(Given records begins)

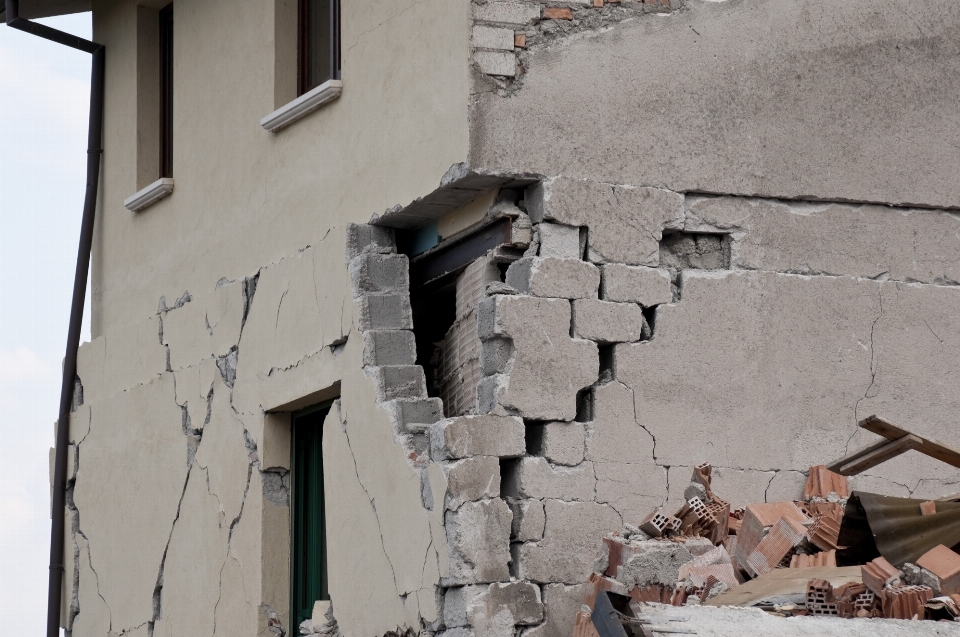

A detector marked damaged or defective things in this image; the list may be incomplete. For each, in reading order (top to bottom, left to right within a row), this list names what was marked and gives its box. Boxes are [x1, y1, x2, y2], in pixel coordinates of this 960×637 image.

broken concrete slab [524, 178, 684, 264]
broken concrete slab [506, 256, 596, 300]
cracked plaster wall [67, 225, 450, 636]
broken wooden board [824, 414, 960, 474]
broken concrete slab [510, 500, 624, 584]
pile of broken bricks [572, 448, 960, 632]
broken wooden board [704, 568, 864, 608]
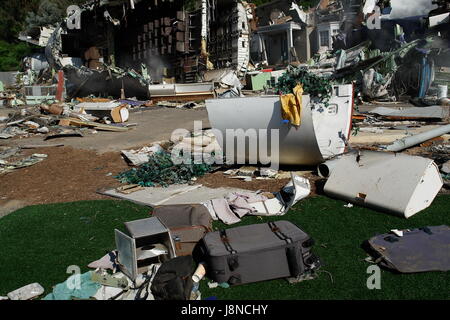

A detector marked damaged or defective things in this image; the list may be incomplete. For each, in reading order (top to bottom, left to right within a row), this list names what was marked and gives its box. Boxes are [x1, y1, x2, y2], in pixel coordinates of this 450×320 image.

broken furniture [322, 151, 444, 219]
broken furniture [114, 218, 176, 280]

(Given records ends)

(Exercise brief) Copy out exactly the lines between the line with "this 450×320 image." and the last line of the entries, counting both of those lines.

(Output for this exercise)
A detector marked damaged or defective things in this image; the list may be incomplete. For each, in reading order (top to bottom, left to right within a row), this list names what was marked and gives its box. Boxes are [x1, y1, x2, y2], in pixel coordinates of this 450×320 image.

broken furniture [322, 151, 444, 219]
broken furniture [114, 218, 176, 280]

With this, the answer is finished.